=== Section Start ===

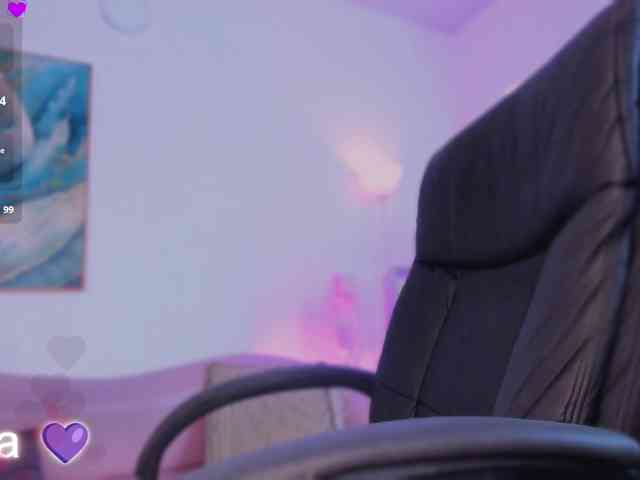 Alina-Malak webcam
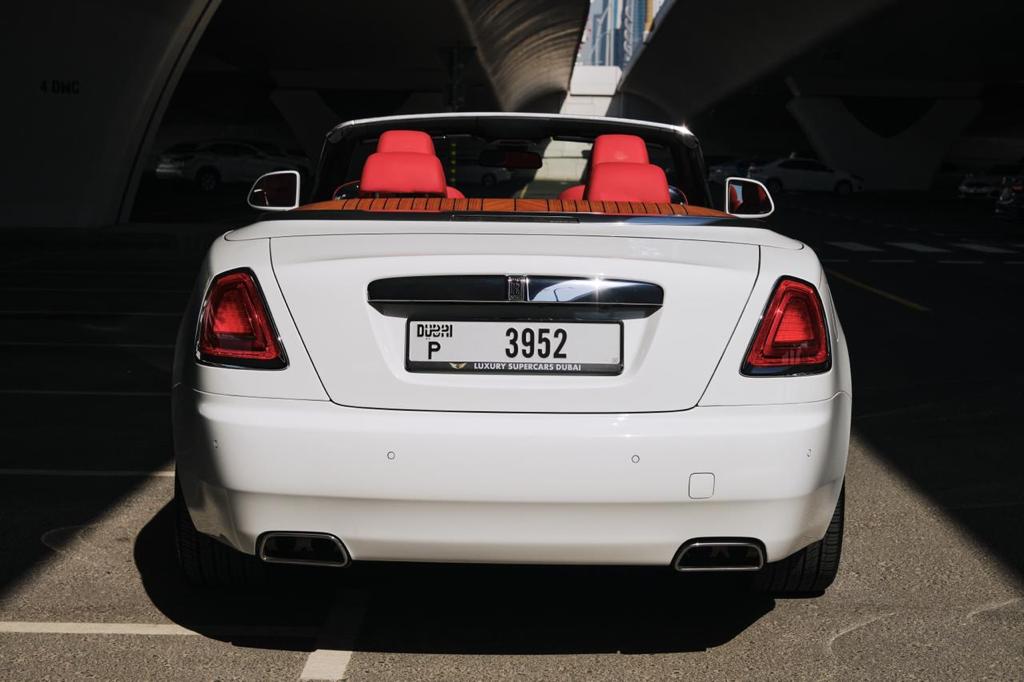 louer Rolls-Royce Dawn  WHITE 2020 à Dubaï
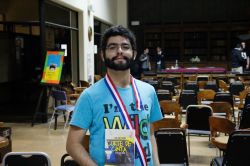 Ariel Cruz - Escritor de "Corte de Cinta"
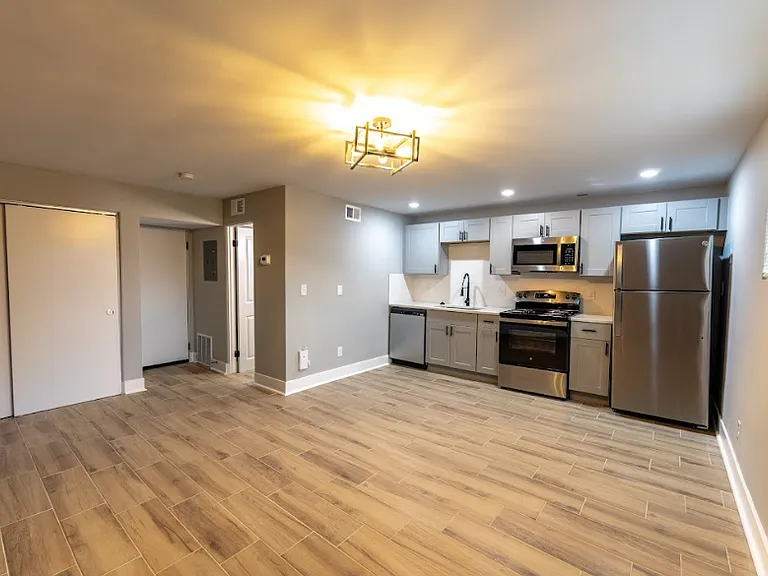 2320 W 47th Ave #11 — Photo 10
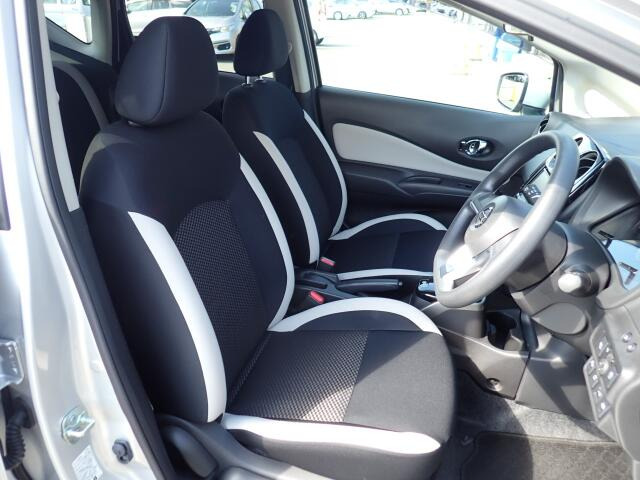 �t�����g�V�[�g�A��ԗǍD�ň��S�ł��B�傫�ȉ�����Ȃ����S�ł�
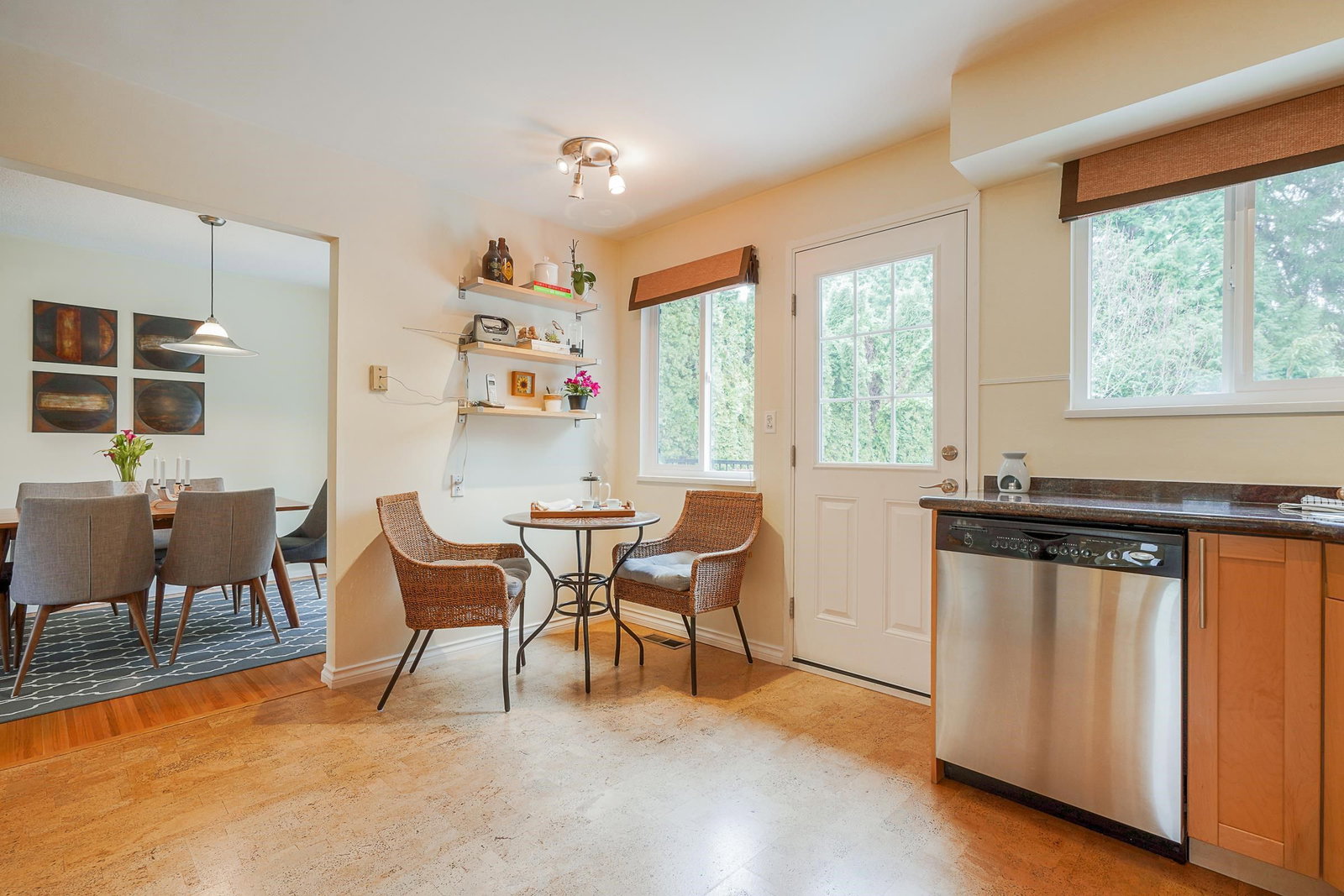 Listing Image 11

=== Section End ===

**Exercise objective:** Print the records above exactly as they stand, but leave out the pictures.

**Solved exercise:**
 Alina-Malak webcam
 louer Rolls-Royce Dawn  WHITE 2020 à Dubaï
 Ariel Cruz - Escritor de "Corte de Cinta"
 2320 W 47th Ave #11 — Photo 10
 �t�����g�V�[�g�A��ԗǍD�ň��S�ł��B�傫�ȉ�����Ȃ����S�ł�
 Listing Image 11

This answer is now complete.